# [Entries provided]

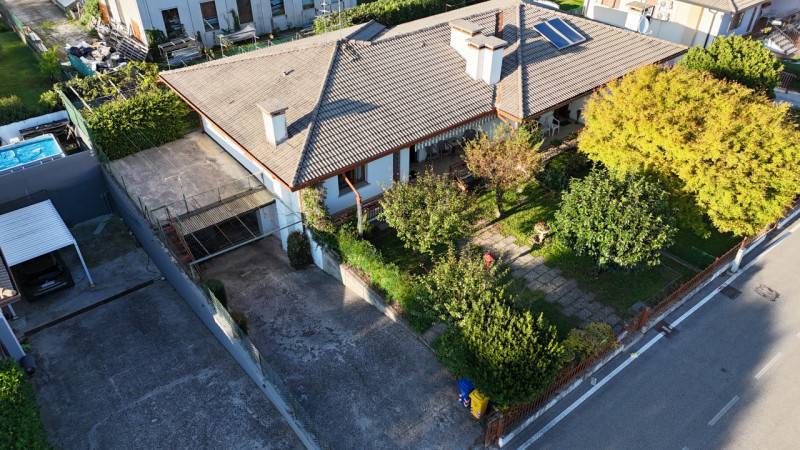 casa indipendente in vendita a Montebelluna in zona San Gaetano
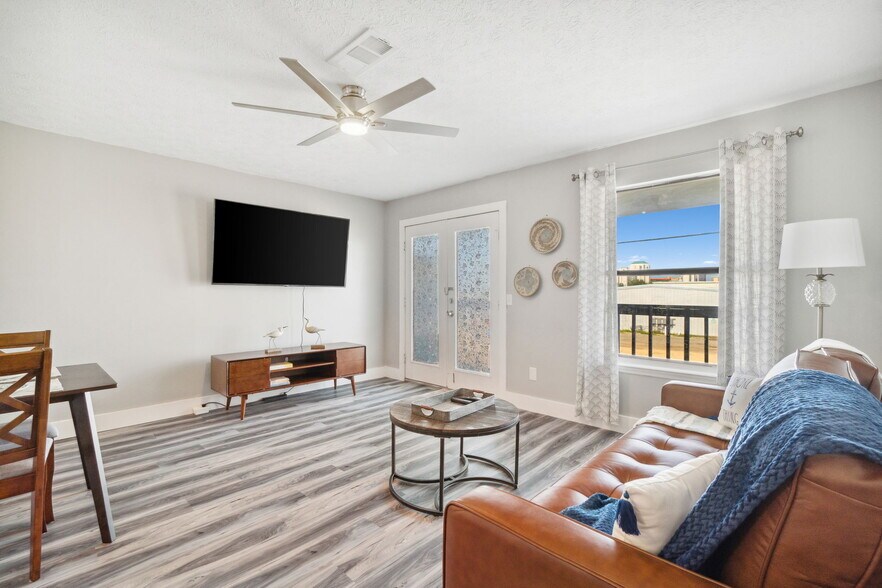 4021 Dolphin Dr, Panama City, FL à vendre - Photo du bâtiment - Image 3 de 18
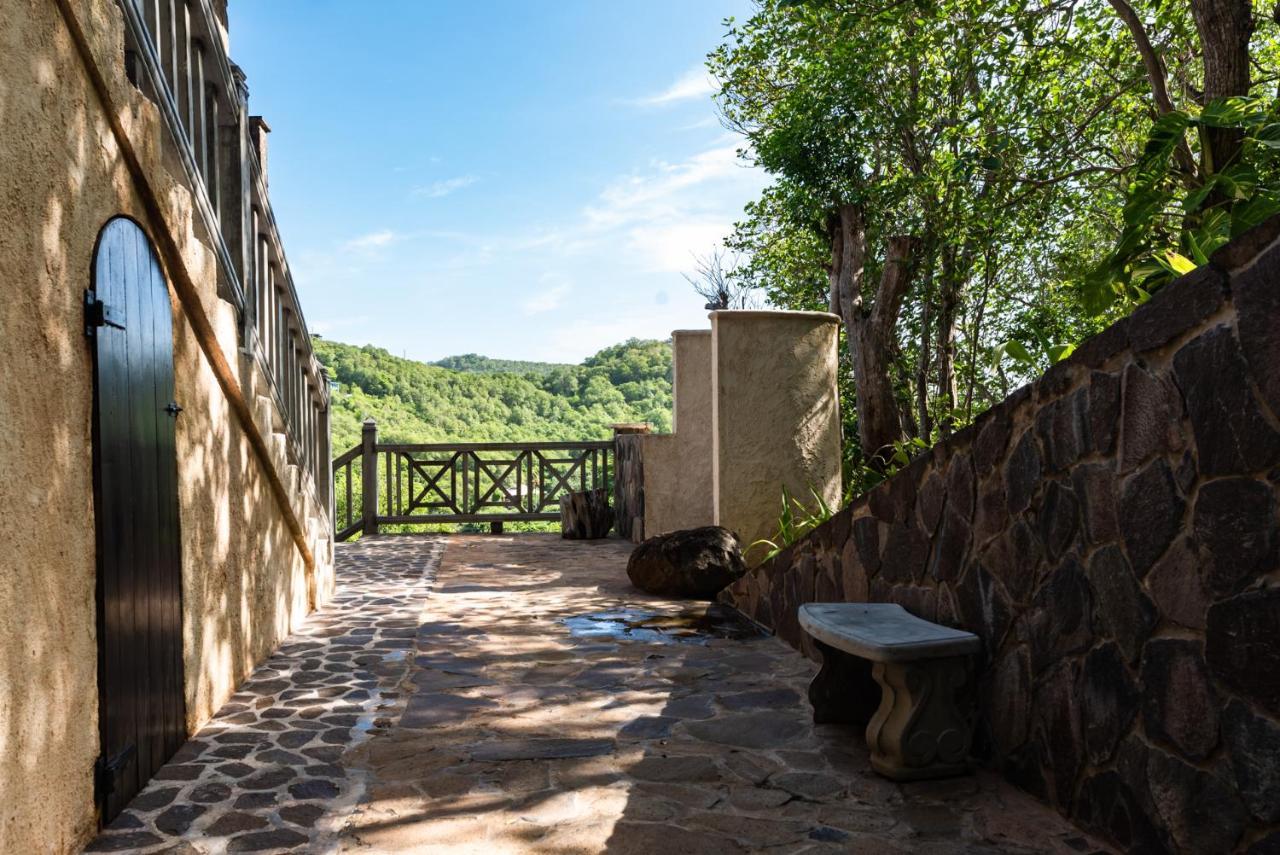 Готель Firefly Estate Bequia Crescent Beach Екстер'єр фото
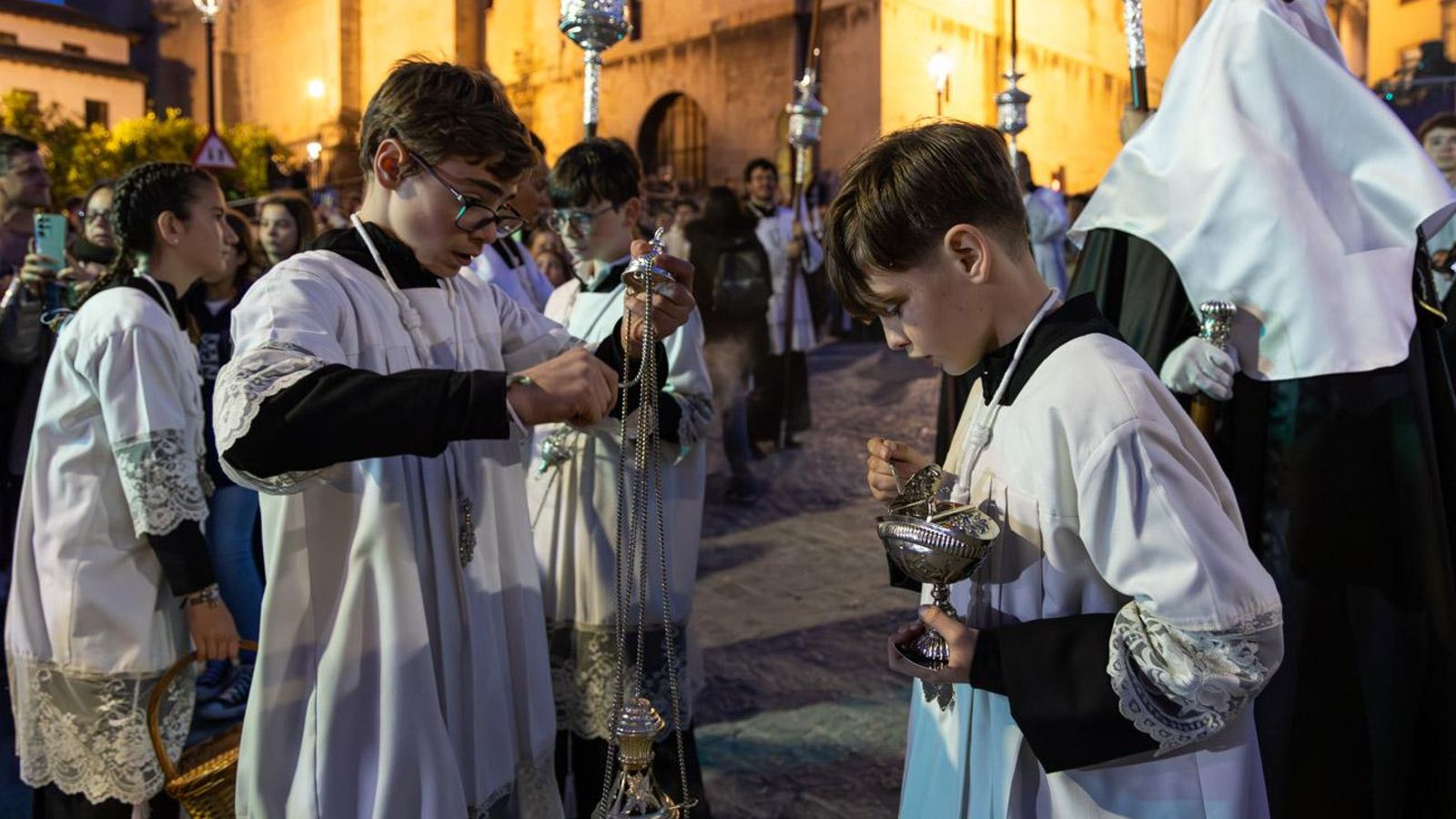Los jiennenses se recrean con la cofradía de los Estudiantes un nuevo Lunes Santo
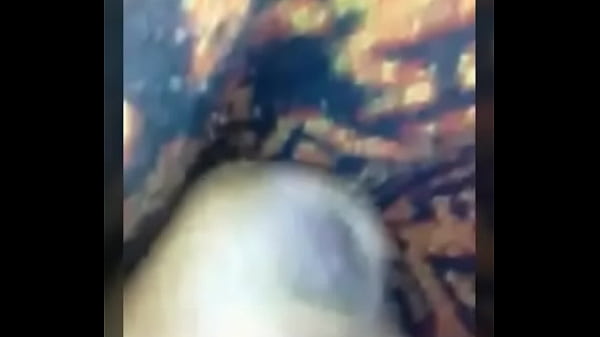 Joven yoyler masturbandose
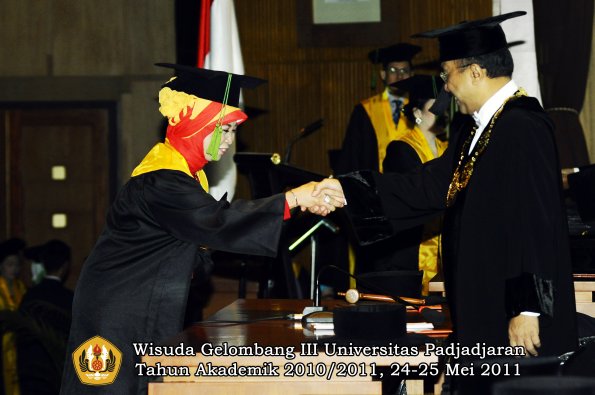 wisuda-fk-oleh-rektor-010-copy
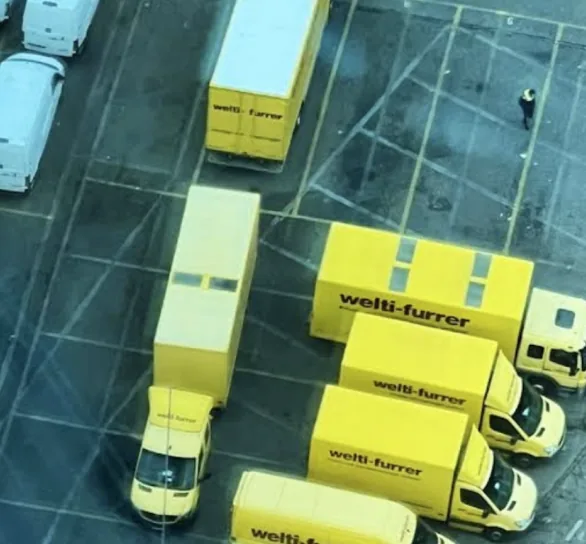 Camion gialli visti dall’alto nel piazzale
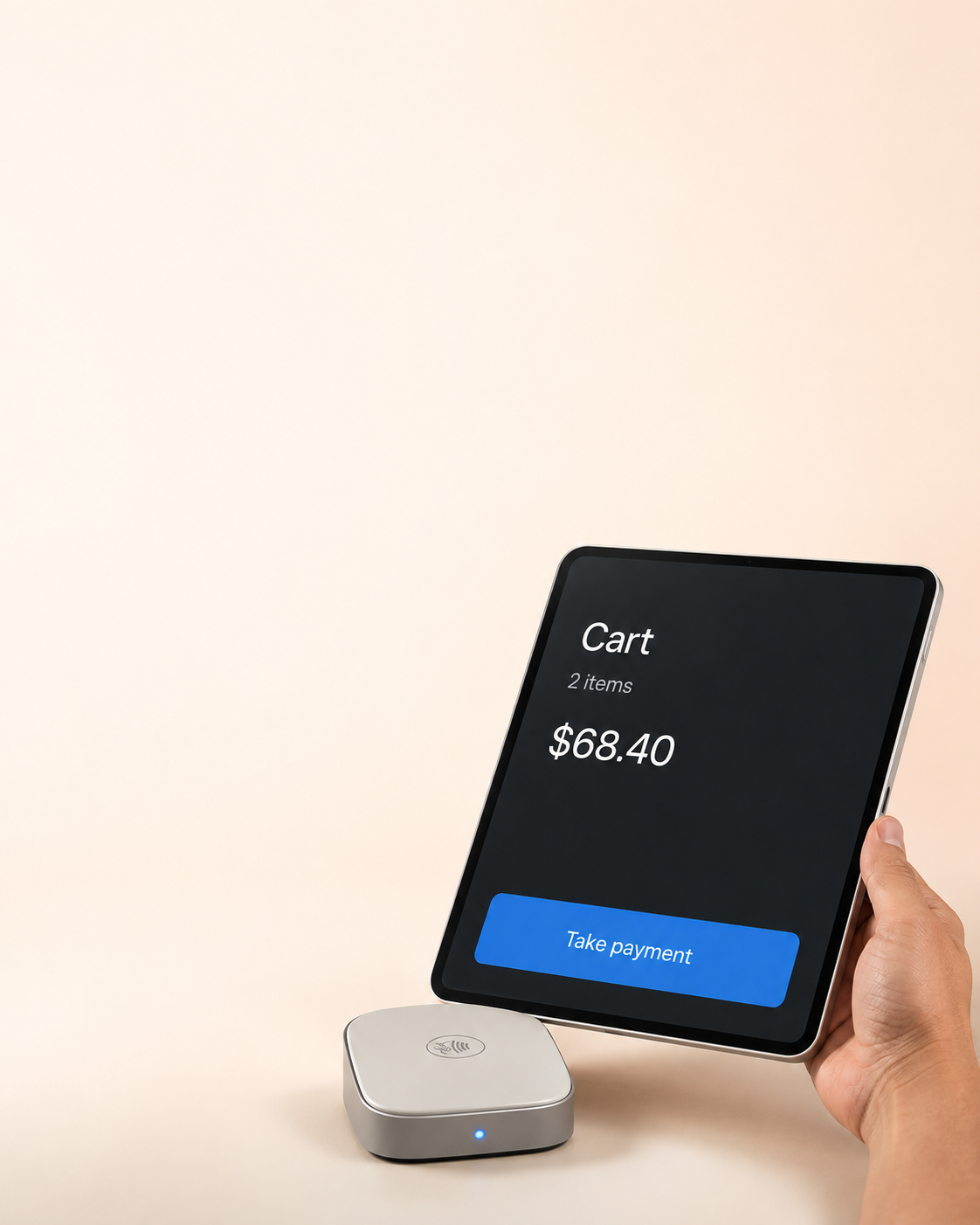 准备完成 Mobile POS 交易的手持平板与读卡器
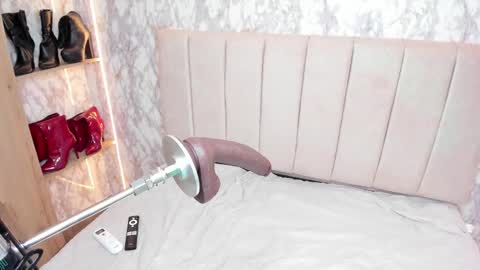 whitneyyfox online show from 09-14-25, 10:53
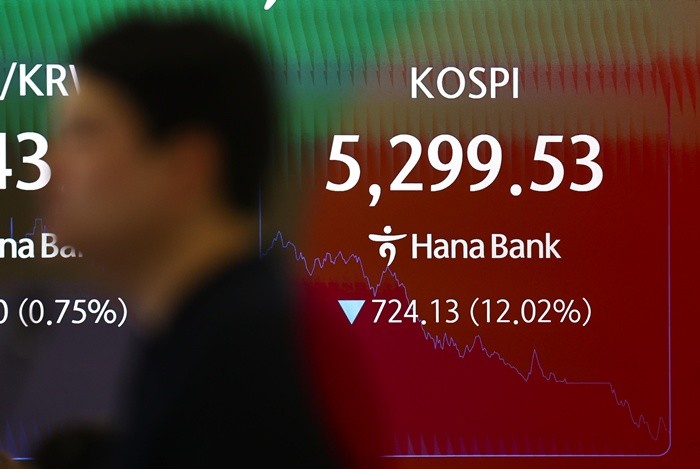 코스피, 코스닥 시장에서 이틀 연속 장중 서킷브레이커가 발동한 29일 서울 중구 하나은행 딜링룸 전광판에 코스피 지수가 표시되어 있다. 2026.7.29/뉴스1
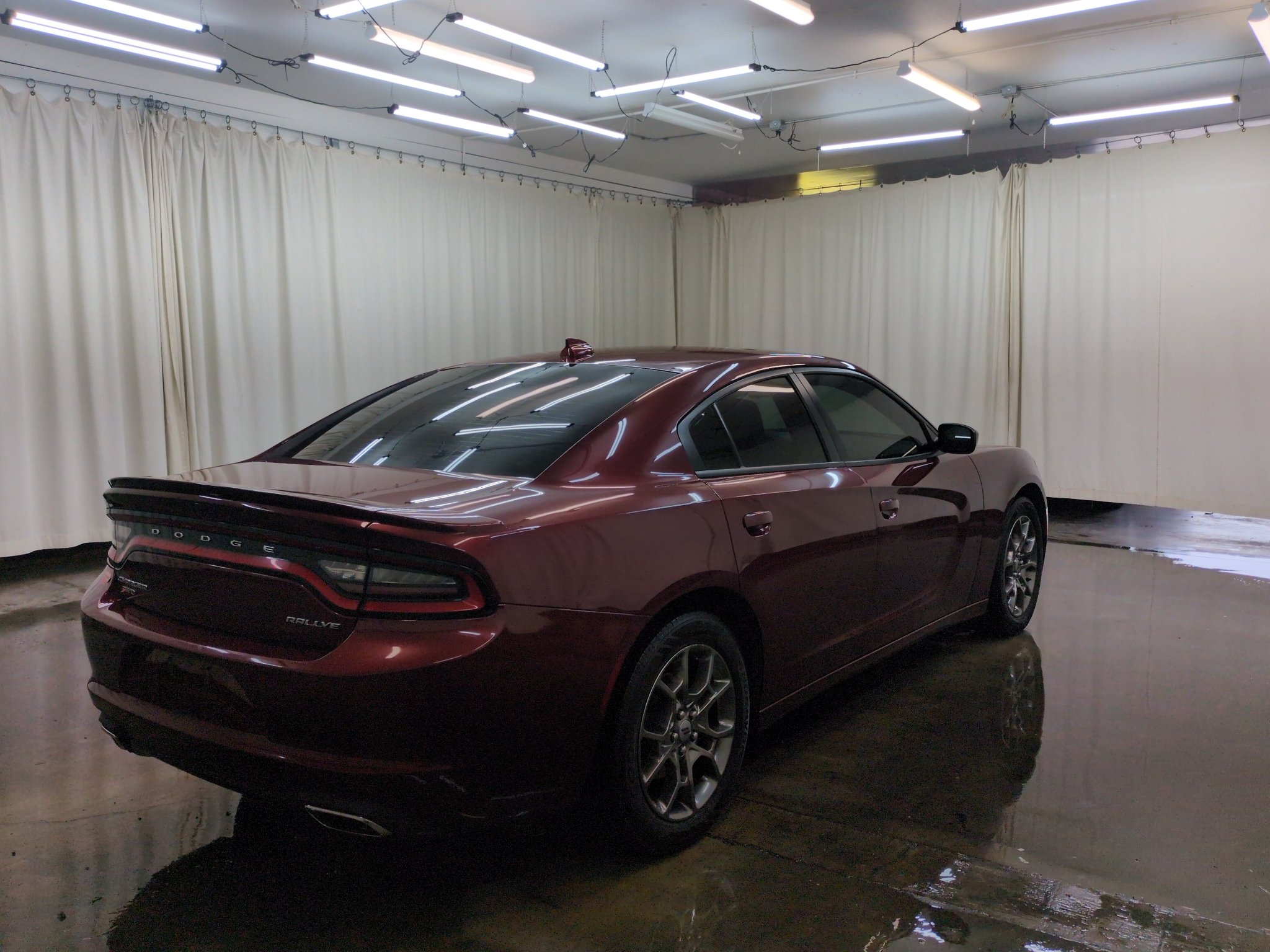 Used 2017 Octane Red Pearlcoat Dodge SXT image 5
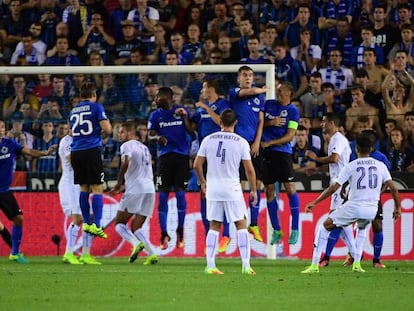 Gol de libre directo de Riyad Mahrez en Brujas.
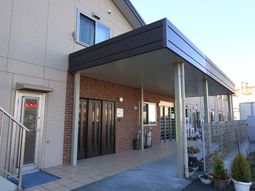 清潔感のあるエントランス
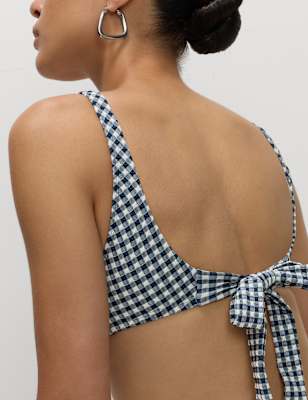 Parte alta de bikini de cuadritos Vichy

# [What the task asks]
From the records above, copy only the lines running from the line containing "Los jiennenses se" to the line containing "清潔感のあるエントランス", both ends included. Leave the pictures out.

# [Exercise output]
Los jiennenses se recrean con la cofradía de los Estudiantes un nuevo Lunes Santo
 Joven yoyler masturbandose
 wisuda-fk-oleh-rektor-010-copy
 Camion gialli visti dall’alto nel piazzale
 准备完成 Mobile POS 交易的手持平板与读卡器
 whitneyyfox online show from 09-14-25, 10:53
 코스피, 코스닥 시장에서 이틀 연속 장중 서킷브레이커가 발동한 29일 서울 중구 하나은행 딜링룸 전광판에 코스피 지수가 표시되어 있다. 2026.7.29/뉴스1
 Used 2017 Octane Red Pearlcoat Dodge SXT image 5
 Gol de libre directo de Riyad Mahrez en Brujas.
 清潔感のあるエントランス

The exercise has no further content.